According to Moynihan, the episode revolves around several themes, such as whether Finn could hold his own against the seemingly unstoppable Jake in a fight, and the idea of willpower overcoming physical limitations. The dream sequence featuring the Dream Warrior was based on several spiritual ideas, such as dream journeying, and finding you spirit animal and power totems. Near the beginning of the episode, Finn expresses interest in body modification.
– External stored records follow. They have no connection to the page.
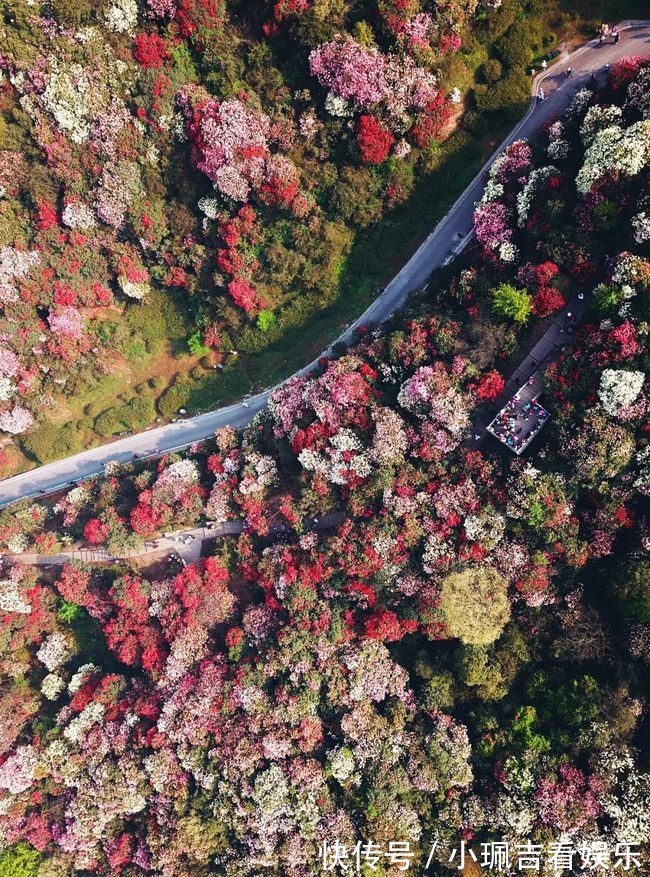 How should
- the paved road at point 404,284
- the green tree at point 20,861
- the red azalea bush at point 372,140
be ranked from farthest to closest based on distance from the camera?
the green tree at point 20,861 < the red azalea bush at point 372,140 < the paved road at point 404,284

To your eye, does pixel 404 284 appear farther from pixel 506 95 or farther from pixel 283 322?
pixel 506 95

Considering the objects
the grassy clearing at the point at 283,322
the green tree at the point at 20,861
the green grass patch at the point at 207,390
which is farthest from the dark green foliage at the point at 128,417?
the green tree at the point at 20,861

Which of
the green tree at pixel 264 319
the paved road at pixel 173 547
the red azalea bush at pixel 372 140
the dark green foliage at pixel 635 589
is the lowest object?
the paved road at pixel 173 547

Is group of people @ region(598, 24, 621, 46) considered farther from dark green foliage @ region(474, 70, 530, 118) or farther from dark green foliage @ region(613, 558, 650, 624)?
dark green foliage @ region(613, 558, 650, 624)

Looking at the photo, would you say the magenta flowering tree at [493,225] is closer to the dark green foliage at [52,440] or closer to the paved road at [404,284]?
the paved road at [404,284]

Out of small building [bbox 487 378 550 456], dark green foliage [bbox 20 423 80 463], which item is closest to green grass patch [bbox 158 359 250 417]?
dark green foliage [bbox 20 423 80 463]

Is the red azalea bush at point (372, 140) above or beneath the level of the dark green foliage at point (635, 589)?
above
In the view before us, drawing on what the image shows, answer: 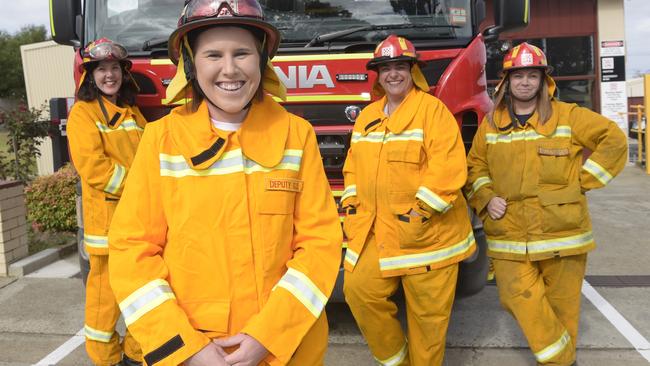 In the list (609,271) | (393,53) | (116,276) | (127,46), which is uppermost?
(127,46)

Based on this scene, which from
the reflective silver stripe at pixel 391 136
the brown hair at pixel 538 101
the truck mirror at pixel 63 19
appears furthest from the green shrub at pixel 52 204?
the brown hair at pixel 538 101

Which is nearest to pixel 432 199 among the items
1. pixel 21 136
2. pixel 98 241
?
pixel 98 241

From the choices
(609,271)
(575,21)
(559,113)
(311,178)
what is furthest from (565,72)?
(311,178)

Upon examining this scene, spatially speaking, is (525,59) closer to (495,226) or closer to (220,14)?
(495,226)

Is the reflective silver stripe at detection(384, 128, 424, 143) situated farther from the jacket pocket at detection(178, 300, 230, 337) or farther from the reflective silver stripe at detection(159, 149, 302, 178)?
the jacket pocket at detection(178, 300, 230, 337)

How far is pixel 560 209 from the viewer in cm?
303

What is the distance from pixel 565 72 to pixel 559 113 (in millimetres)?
9923

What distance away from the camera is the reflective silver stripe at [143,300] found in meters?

Moynihan inserted this reference to maintain continuity with the second season episode "Mortal Folly", which features a scene with Finn daydreaming that he has a bionic arm.

The episode guest stars both Tom Gammill and Matthew Broderick. Gammill plays The Farm, a character that both Ward and Moynihan expressed an interest in bringing back to the show the DVD commentary for the episode. Broderick plays the Dream Warrior; he was introduced to the series by his son James. He later noted in an interview that he liked that Adventure Time "doesn't talk down to anybody."

==Reception==
"Who Would Win" first aired on Cartoon Network on September 3, 2012. The episode first saw physical release as part of the complete fourth season DVD in October 2014.

Oliver Sava of The A.V. Club awarded the episode an "A−", applauding the installment's exploration and incorporation of Finn and Jake's friendship. He compared "Who Would Win" to the previous fourth season episode, "Sons of Mars", noting that both episode manage to "incorporate the show’s psychedelic imagery and silly toilet humor into stories that build on the relationship between the two bros [sic]." In terms of the action sequences in the episode, Sava also argued that the fight was paced similar to the fights between Peter Griffin and The Giant Chicken in the Fox animated sitcom Family Guy.